Exercise aim: Beginning at the line that holds "Стеклопластиковая лодка Дельфин в Хасавюрте", transcribe each line exactly through the end of the records, and leave any pictures out.

Segment Open

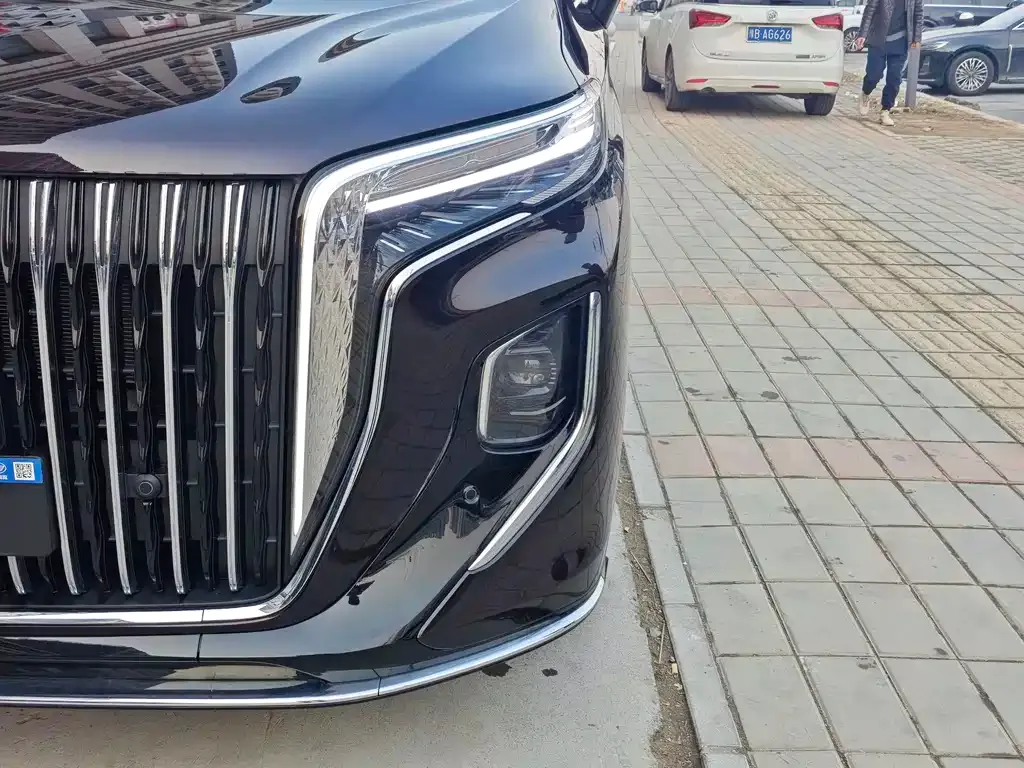 Hongqi HQ9 PHEV 2024 из CN, фото 4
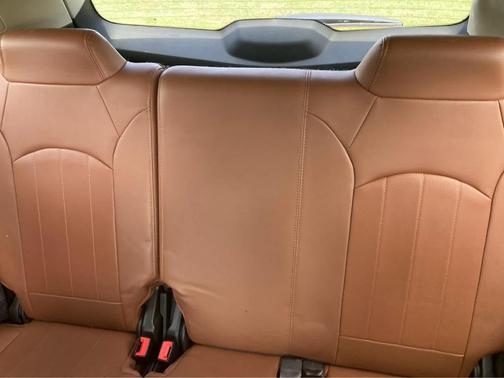 Champagne Silver 2017 Chevrolet Traverse Premier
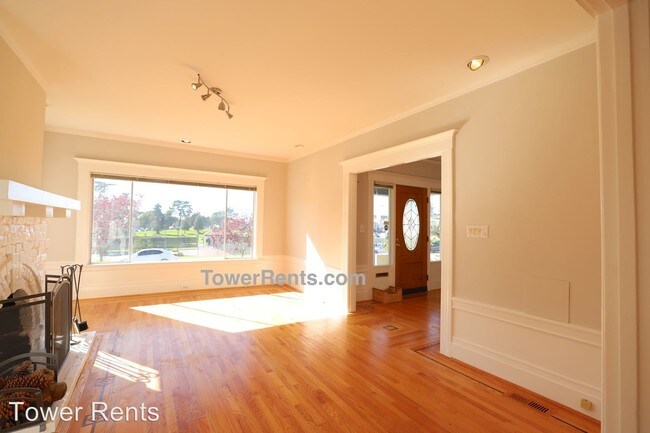 Building Photo - 3 br, 2 bath House - 2632 26th Ave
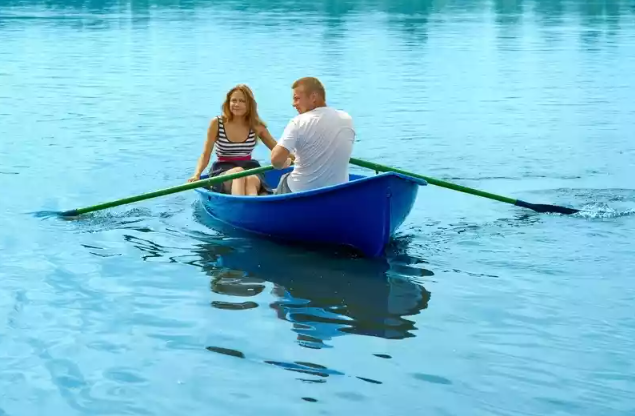 Стеклопластиковая лодка Дельфин в Хасавюрте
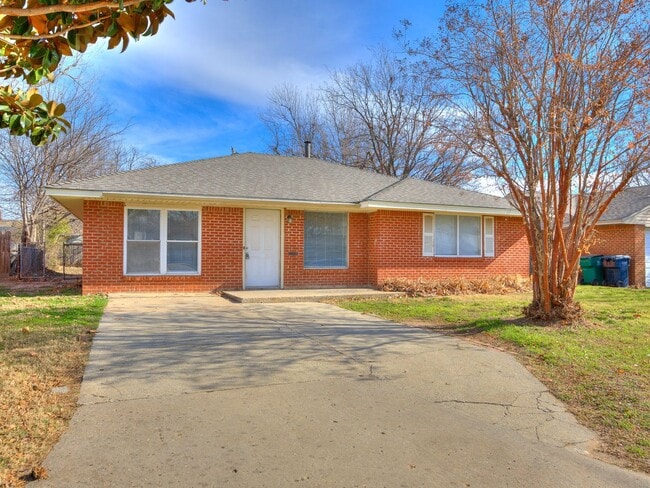 Building Photo - Updated home in Heart of OKC + 4 bedrooms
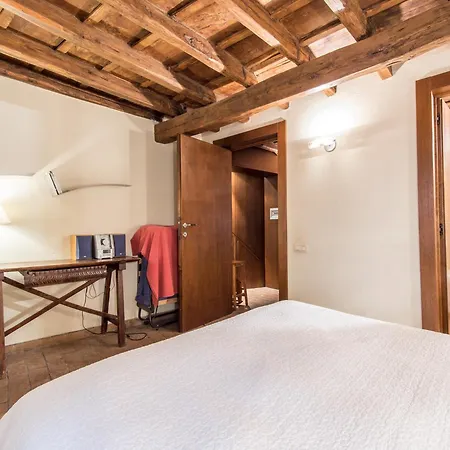 Enchanting Two Bedroom Navona Apartment Rome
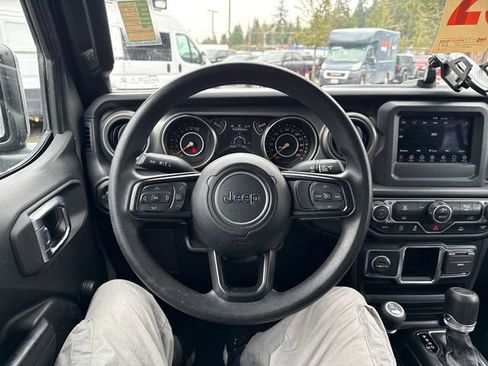 Used 2023 Jeep Gladiator Sport AWD/4WD image 47
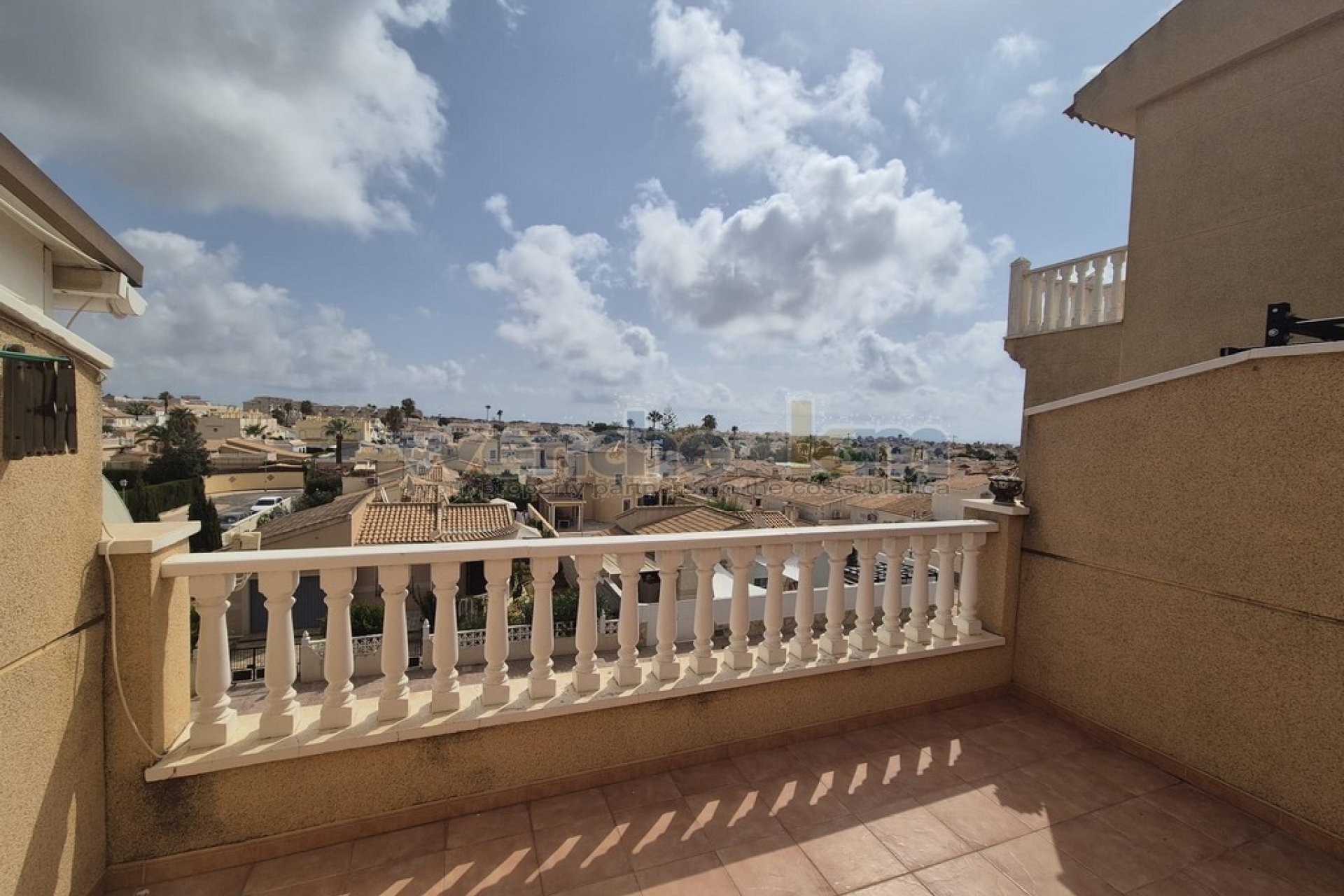 Wiederverkauf - terraced -
Orihuela Costa - La Florida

Segment Closed

Task output:
 Стеклопластиковая лодка Дельфин в Хасавюрте
 Building Photo - Updated home in Heart of OKC + 4 bedrooms
 Enchanting Two Bedroom Navona Apartment Rome
 Used 2023 Jeep Gladiator Sport AWD/4WD image 47
 Wiederverkauf - terraced -
Orihuela Costa - La Florida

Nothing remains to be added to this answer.